If there is no component in the page that violates the HTML standard syntax specifications, it can be called a legal and valid HTML code.
The importance of legal and valid HTML code to SEO
In order for search engines to include our web pages - only on this basis can we talk about website optimization and website promotion - the premise is that the spider of the search engine can read our web files. The basis for search engine spiders to read web pages is the HTML specification. By analyzing the HTML code, spider can determine the content of the web page, and on this basis, it can determine the relevance of the corresponding keywords.
What needs to be made clear is that the search engine Spider is different from the browser in that its fault tolerance is much worse than that of the browser. If there is HTML code that it cannot interpret in the page code, it may stop reading the page. The page may even stop crawling within our site, or more serious errors may cause it to also discard information it has collected about the content of other pages within the site.

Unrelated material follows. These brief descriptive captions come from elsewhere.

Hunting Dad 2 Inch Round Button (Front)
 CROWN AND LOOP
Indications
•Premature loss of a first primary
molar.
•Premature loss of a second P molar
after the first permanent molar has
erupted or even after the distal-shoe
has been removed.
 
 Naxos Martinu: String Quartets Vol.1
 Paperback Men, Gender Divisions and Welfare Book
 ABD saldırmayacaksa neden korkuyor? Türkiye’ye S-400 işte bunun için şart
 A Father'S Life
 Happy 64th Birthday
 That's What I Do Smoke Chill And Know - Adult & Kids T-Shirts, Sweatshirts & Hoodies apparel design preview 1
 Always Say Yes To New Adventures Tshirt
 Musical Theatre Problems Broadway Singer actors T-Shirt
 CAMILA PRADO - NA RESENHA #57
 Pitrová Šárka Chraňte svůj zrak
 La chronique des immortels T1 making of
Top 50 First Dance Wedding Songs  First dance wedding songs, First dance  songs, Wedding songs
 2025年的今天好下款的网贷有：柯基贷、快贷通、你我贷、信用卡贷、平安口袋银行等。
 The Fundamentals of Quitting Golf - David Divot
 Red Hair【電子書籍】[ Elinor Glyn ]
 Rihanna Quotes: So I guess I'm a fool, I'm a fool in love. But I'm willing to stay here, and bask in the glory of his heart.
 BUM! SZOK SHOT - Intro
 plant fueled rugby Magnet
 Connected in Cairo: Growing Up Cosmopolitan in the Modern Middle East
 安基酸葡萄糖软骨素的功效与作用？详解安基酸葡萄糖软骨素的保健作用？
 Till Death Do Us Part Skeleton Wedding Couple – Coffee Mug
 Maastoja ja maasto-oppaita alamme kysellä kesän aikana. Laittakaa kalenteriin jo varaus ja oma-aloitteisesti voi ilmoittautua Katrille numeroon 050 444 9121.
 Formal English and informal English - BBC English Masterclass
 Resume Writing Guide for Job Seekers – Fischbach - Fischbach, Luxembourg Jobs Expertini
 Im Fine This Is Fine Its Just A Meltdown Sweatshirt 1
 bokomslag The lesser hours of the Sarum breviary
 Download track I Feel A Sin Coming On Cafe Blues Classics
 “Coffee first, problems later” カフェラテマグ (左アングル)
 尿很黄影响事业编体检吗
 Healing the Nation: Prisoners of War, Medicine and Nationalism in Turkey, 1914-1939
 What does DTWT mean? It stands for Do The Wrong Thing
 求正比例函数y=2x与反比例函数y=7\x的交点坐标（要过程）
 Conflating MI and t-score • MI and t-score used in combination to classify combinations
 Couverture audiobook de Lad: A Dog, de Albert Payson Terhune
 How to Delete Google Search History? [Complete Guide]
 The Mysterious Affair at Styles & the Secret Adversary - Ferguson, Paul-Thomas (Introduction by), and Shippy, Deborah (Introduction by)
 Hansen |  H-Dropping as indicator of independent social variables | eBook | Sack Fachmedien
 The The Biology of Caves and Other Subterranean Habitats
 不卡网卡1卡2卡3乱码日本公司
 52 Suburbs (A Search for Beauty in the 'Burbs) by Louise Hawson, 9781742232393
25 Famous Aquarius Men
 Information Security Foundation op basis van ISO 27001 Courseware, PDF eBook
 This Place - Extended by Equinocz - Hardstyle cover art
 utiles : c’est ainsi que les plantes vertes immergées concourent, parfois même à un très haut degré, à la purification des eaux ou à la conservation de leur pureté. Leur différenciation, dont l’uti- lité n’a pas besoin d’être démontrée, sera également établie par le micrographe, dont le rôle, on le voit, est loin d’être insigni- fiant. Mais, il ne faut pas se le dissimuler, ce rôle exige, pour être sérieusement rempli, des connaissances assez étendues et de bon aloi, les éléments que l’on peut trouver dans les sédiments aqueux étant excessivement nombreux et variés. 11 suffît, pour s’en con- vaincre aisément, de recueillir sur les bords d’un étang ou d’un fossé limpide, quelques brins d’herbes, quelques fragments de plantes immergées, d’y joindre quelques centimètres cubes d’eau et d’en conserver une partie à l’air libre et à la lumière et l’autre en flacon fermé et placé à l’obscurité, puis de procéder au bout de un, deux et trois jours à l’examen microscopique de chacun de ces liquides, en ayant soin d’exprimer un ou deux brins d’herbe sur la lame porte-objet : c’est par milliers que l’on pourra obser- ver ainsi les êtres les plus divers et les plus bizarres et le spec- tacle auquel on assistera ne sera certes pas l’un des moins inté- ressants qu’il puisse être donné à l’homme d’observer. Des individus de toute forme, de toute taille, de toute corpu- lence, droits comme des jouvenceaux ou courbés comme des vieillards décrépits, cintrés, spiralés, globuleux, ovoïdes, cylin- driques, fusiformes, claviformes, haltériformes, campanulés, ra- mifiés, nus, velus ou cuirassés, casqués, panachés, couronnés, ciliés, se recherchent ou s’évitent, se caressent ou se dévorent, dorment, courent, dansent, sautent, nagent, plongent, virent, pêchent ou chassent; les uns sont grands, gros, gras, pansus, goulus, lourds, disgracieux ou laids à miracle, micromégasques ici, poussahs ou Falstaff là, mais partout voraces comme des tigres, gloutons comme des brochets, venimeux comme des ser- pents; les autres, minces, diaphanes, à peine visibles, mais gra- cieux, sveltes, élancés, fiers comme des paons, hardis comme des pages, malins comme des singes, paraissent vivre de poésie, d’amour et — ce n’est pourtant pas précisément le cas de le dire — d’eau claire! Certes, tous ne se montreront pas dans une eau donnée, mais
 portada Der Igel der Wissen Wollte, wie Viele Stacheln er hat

Although major search engines are now trying their best to improve Spider’s fault tolerance, so that it can not affect the collection of content when general errors occur in the HTML code. But many times, it still happens that a closing tag is missing, causing the content of the entire page to be ignored.
On the other hand, legal and valid HTML can also ensure that Web pages can be interpreted correctly under multiple browsers, avoiding the situation where the same page displays normally under IE but is severely deformed under Mozilla (of course, it cannot be completely avoided ), which is also of great benefit in improving the usability of the website.
How to verify the legality and validity of HTML code?
There are many similar free services on the Internet that can help us verify whether the web page code is legal and valid. The most famous one is W3C HTML Validator, which is a free service officially launched by W3C (World Wide Web Consortium: World Wide Web Alliance). On its page, you only need to enter the HTML address to be verified or upload an HTML file on the local machine. It will quickly return the verification results, whether they are correct, what are the errors and how to improve them, etc.
At the same time, W3C HTML Validator also provides verification services for CSS files.
Does it have to pass W3C verification?
The answer to this question is not so absolute.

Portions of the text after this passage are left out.